If the application is accepted, the applicant will receive an Approval In Principle (AIP) letter. They can complete the mandatory 2-month Singapore Citizenship Journey (SCJ) program organized by ICA. This involves an online course, experiential tour, and community sharing session aimed at integrating new citizens.

Next, the applicant has to renounce their foreign citizenship by making a formal application at their home country’s embassy in Singapore. This process can take several months.

Once they receive the renunciation confirmation letter, they can attend their registration appointment with the ICA. Here, they will take the citizenship pledge and pay the citizenship fee of S$70, plus S$10 for an identity card for those aged 16 years and older.

The final step is to attend an official ceremony where new citizens receive their certificates and identity cards.

Citizenship by marriage in Singapore

When an expat marries a Singaporean local, they are not automatically granted citizenship.

Instead, to become a citizen through marriage, you’ll first need to become a permanent resident of Singapore and fulfill the following requirements:

  • Be married for at least 2 years to a Singaporean spouse
  • Demonstrate income stability and the ability to support a family
  • Display reasonable integration into society
  • Have been a permanent residence for at least 2 years
  • Have no criminal records

Unlike citizenship by naturalization, there is no age requirement for citizenship by marriage.

How do you apply for citizenship by marriage?

To apply for citizenship via marriage, you need your spouse (who is a Singaporean citizen) to sponsor your application.

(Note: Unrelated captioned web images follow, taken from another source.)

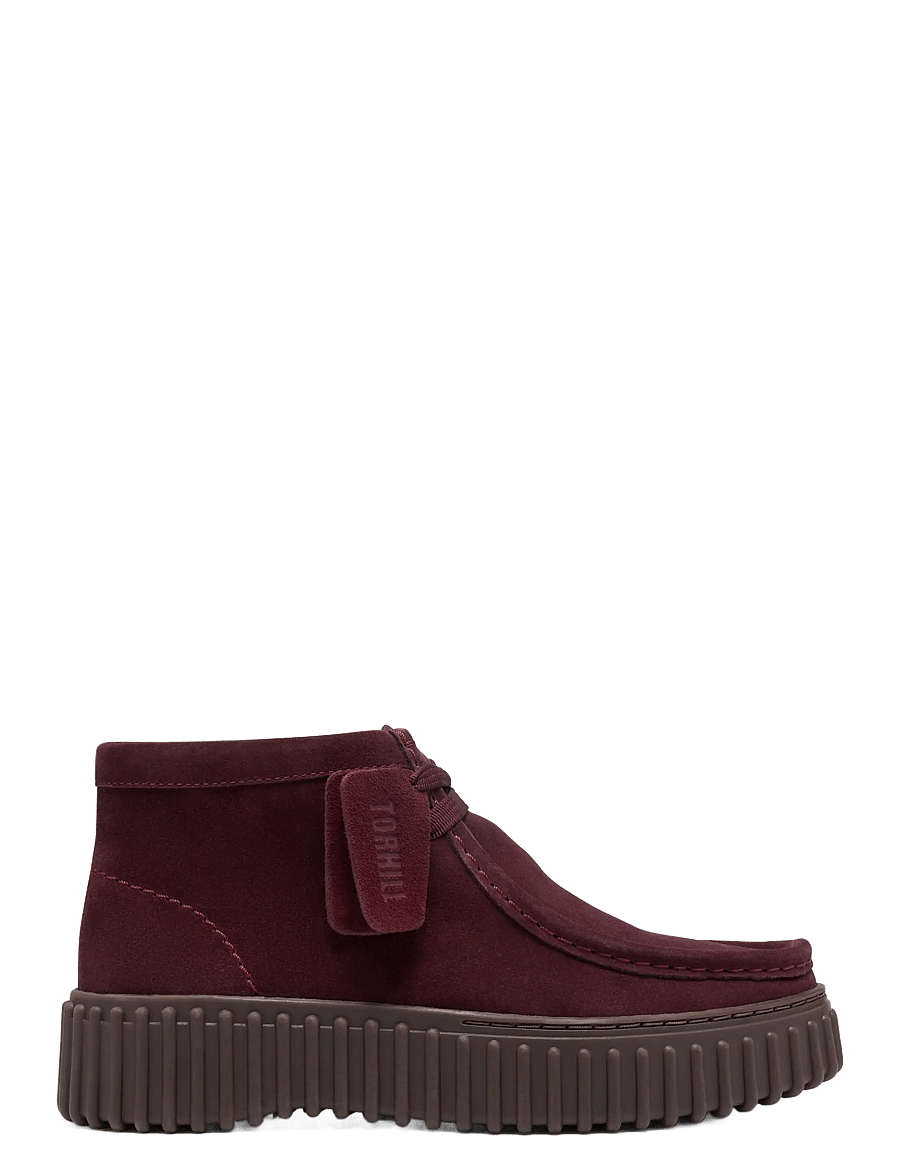 Clarks - Torhill Moss D - laced boots - burgundy suede - 0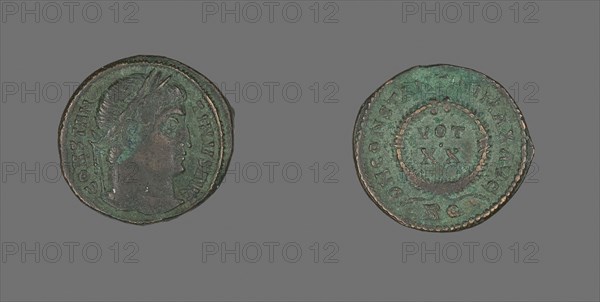 Coin Portraying Emperor Constantine I, AD 321, Roman, minted in Rome, Roman Empire, Bronze, Diam. 1.9 cm, 2.68 g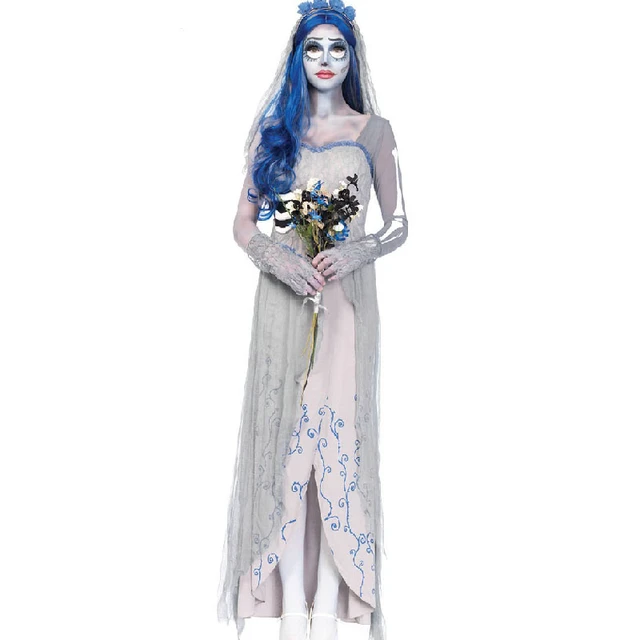 MicCostumes Ghost Bride Skeleton Cosplay Dress Halloween Costume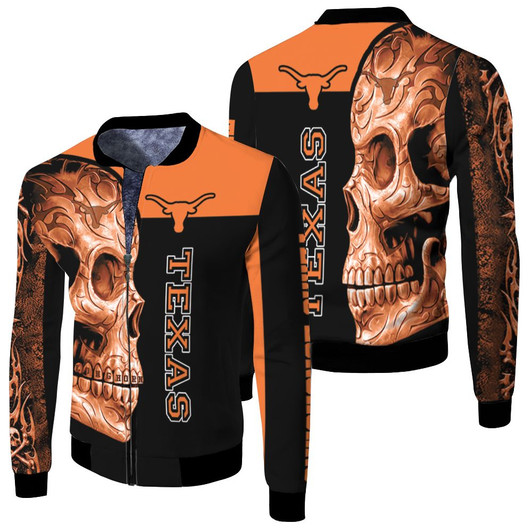 Texas Longhorns Ncaa Skull Fleece Bomber Jacket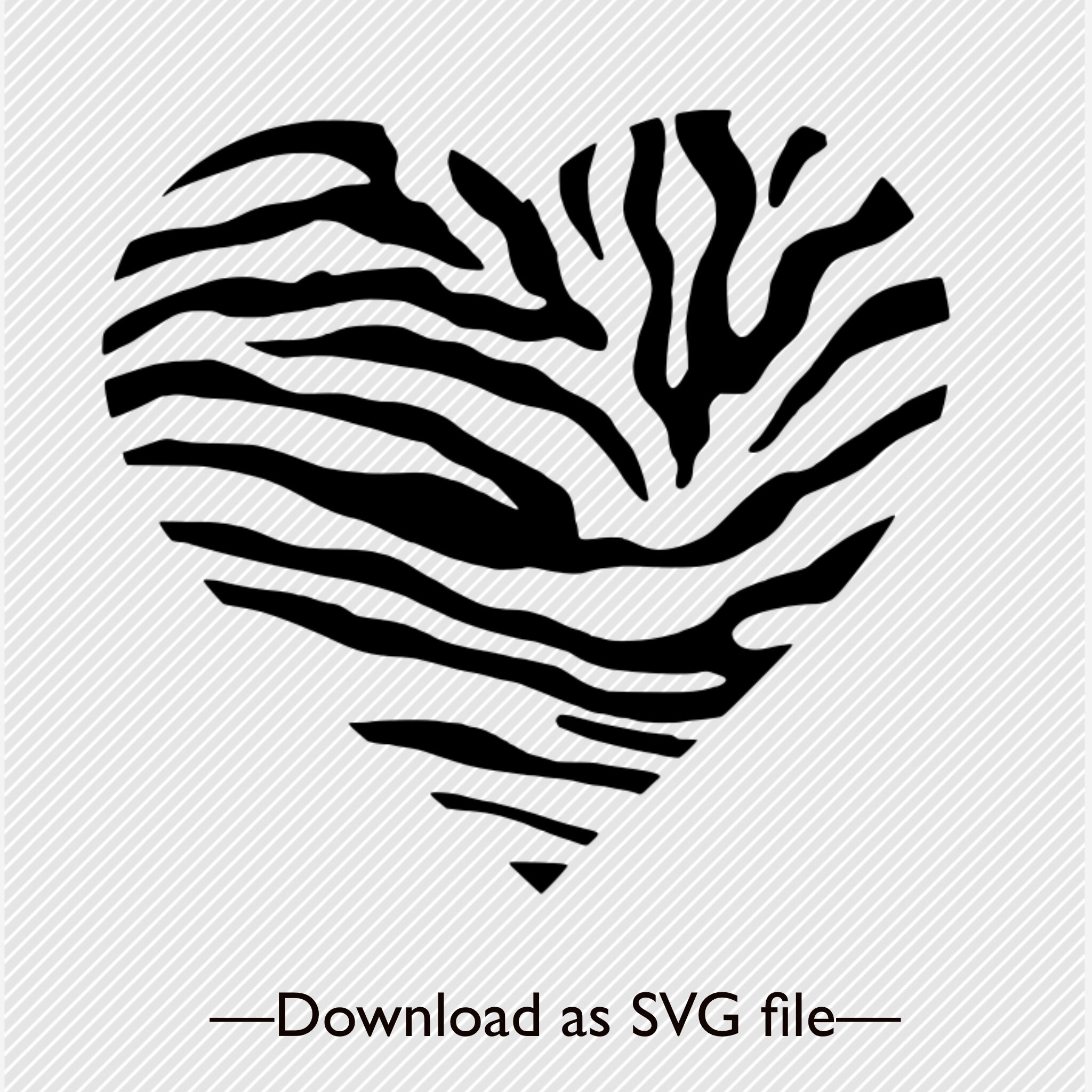 Download Zebra heart svg Zebra skin pattern svg vector file | Etsy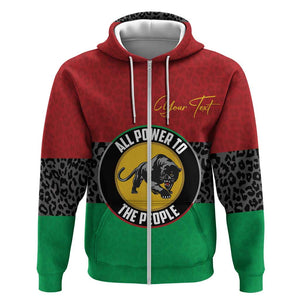 Personalized Pan African Black Panther Zip Hoodie All Power To The People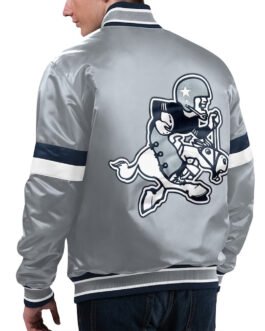Dallas Cowboys Home Game Silver Satin Jacket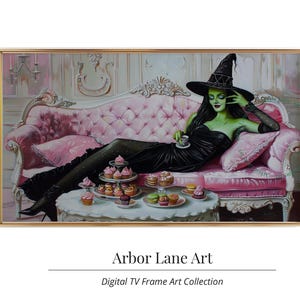Green Witch at a Pink Tea Party Oil Painting, Fancy Witch Art, Glamorous Witch, Fun Cute Whimsical Halloween Art, Samsung Digital Art TV
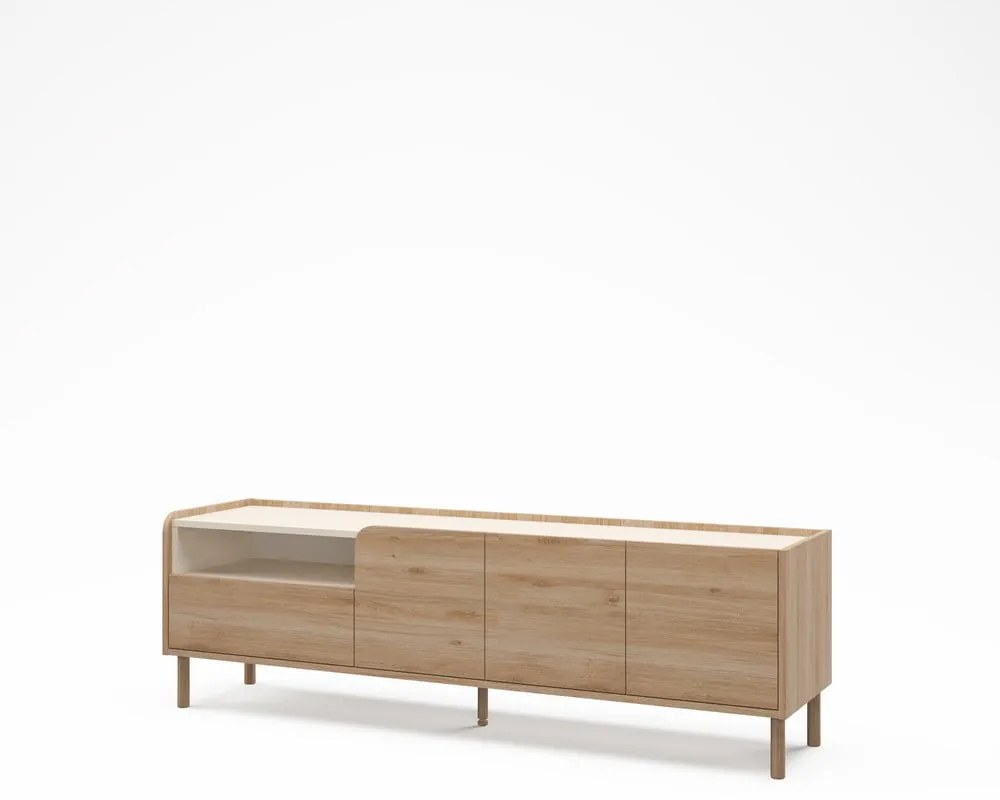 Mobile TV di colore naturale con effetto rovere 180x55,5x44 cm Monza – Marckeric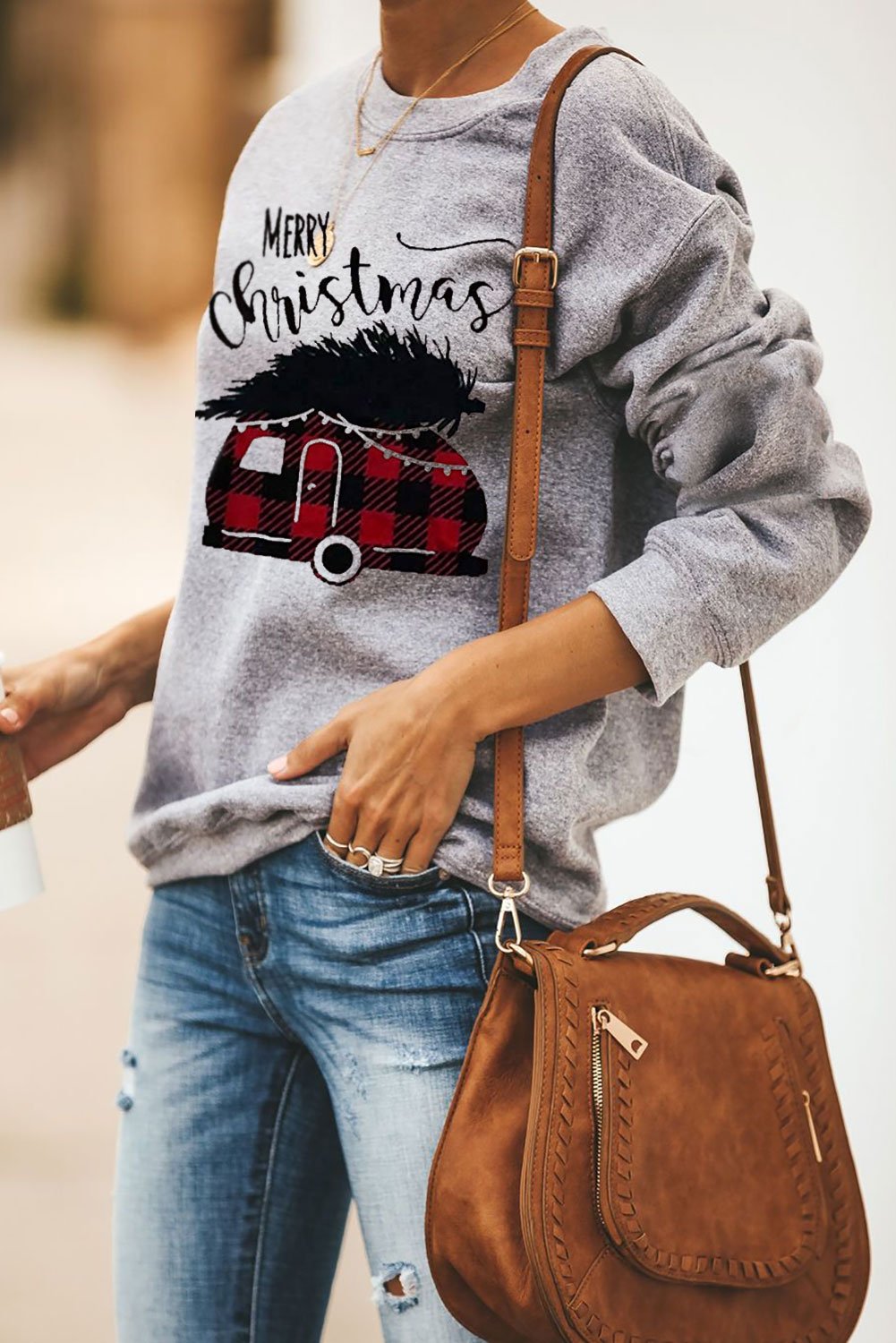 Merry Christmas Letters Print Pullover Sweatshirt featuring oversized fit, crew neck, and festive print, perfect for holiday wear.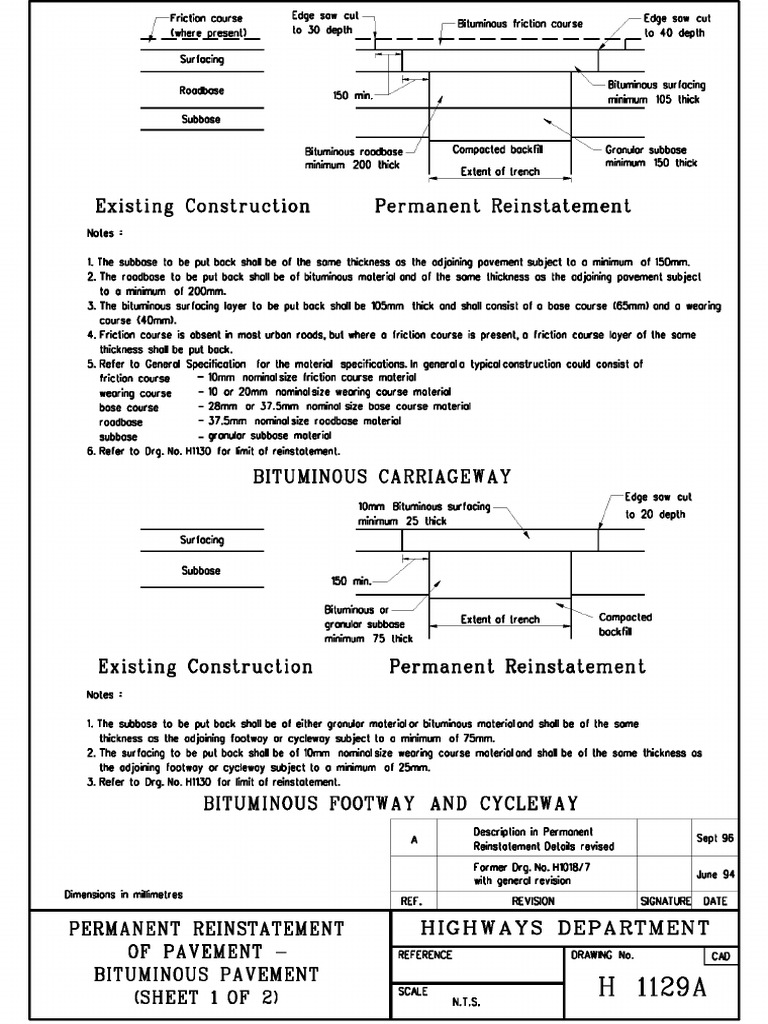 Permanent Reinstatement Guidelines | PDF | Road Surface | Physical Sciences
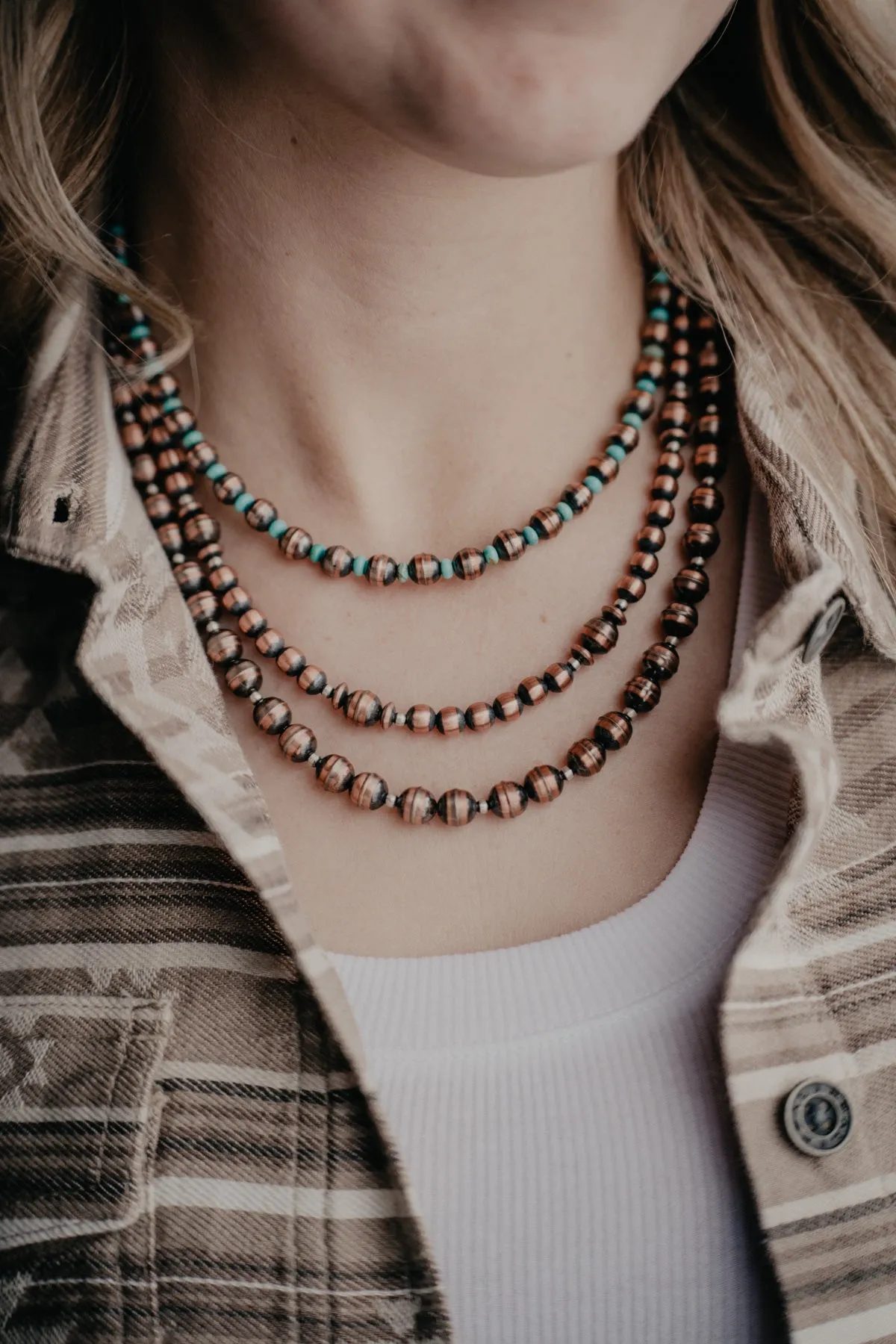 Copper Navajo Pearl Necklace (Varying Lengths and Styles)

This is done by logging into the ICA e-service portal with SingPass and submitting the application form along with supporting documents (PDF).

During the application, you will need to provide details such as personal particulars, employment, income, education, family background, and integration into Singapore for assessment purposes. You may also be called for an interview to determine your suitability.

As is the case with applying through naturalization or residence, it takes approximately 12 months for your citizenship application to get approved.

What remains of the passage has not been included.